Irrespective of the lethality of state-sponsored cyber-attacks, it is a mistake to think that there is no way to stop them. If your organisation has something of value to a foreign government here are five cyber-attack counter-measures you should be implementing.
Verify User Identity
Phishing to steal credentials is the #1 technique used by foreign governments to gain access to sensitive data. Why? It works. The bigger an organisation, the greater the number of supply chain partners, the easier it becomes for cyber attackers to steal credentials.
The foundational security control to stop credential theft is 2 factor authentication. To make it less painful, you can extend the session timeout to a full workday.
To protect more sensitive business critical apps, consider a certificate-based VPN that binds the user identity to their device. While it is possible to steal a certificate, as soon as you have 2 connections from the same cert you instantly know there’s a breach.

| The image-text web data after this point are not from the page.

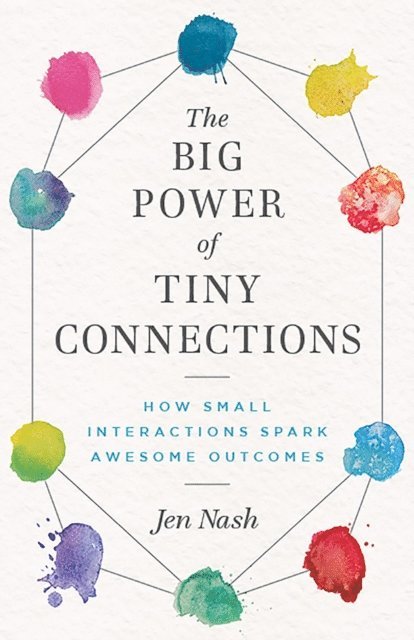 Jen Nash - Big Power of Tiny Connections, E-bok. Tillgänglighet: Lägg i varukorg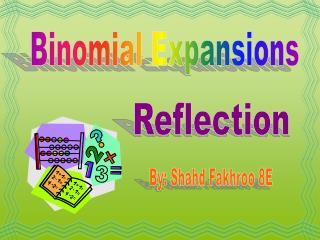 Binomial Expansions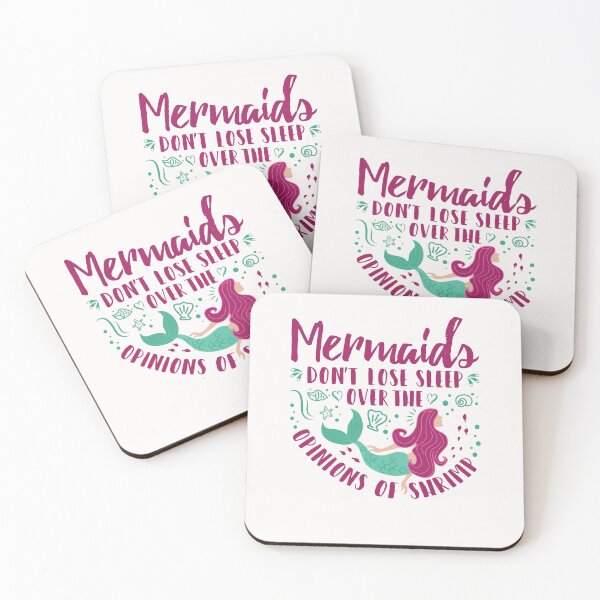 Item preview, Mermaids Don't Lose Sleep Over the Opinions of Shrimp designed and sold by jaygo.
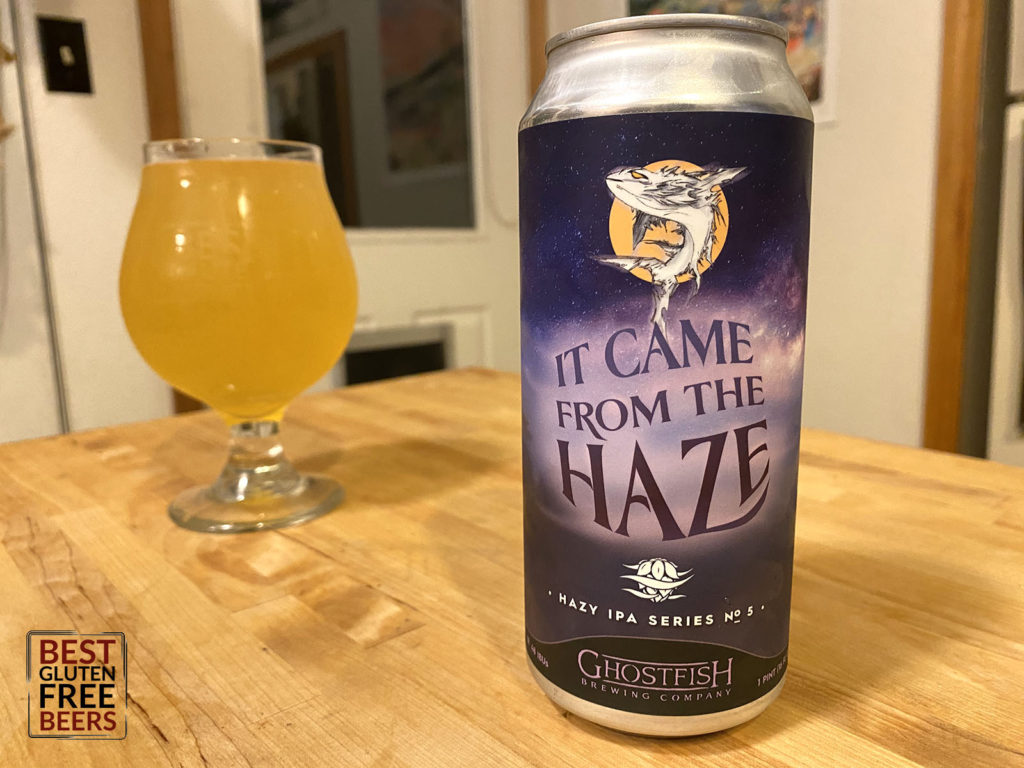 Ghostfish Brewing It Came From The Haze #5 2020 Hazy IPA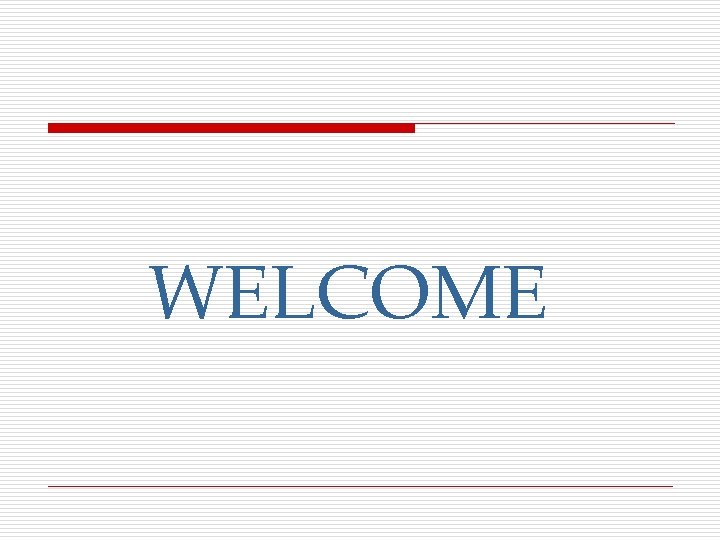 WELCOME 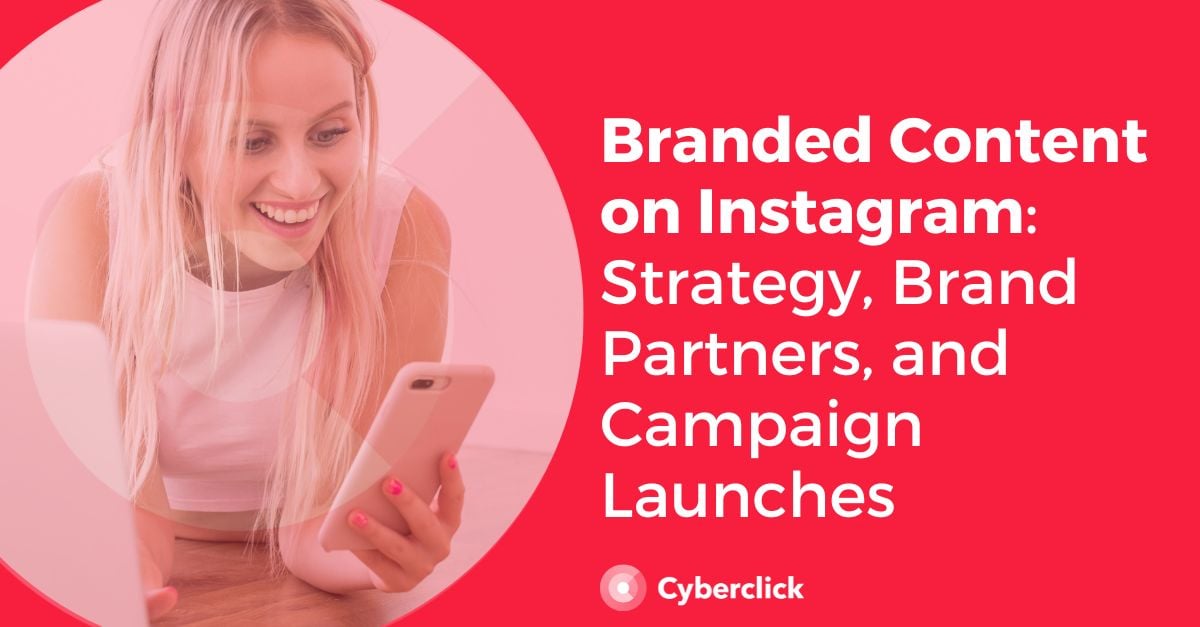 Branded Content on Instagram Strategy Brand Partners and Campaign Launches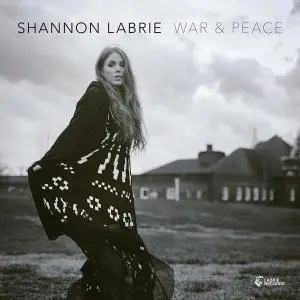 Shannon LaBrie - War & Peace (2016)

Check Device and Server Software
Right after identity theft, malware is the next favorite cyber-attack technique. Installing malware on user devices and Internet accessible servers has become commonplace today. There’s now a robust international marketplace for zero-day attacks and server exploits.
Malware detection software has greatly improved in recent years so there’s no reason not to implement it. Code signing has been around for a while but IT organisations don’t like setting up PKI services to generate and verify digital certificates. However, this is a critical control for any large organisation.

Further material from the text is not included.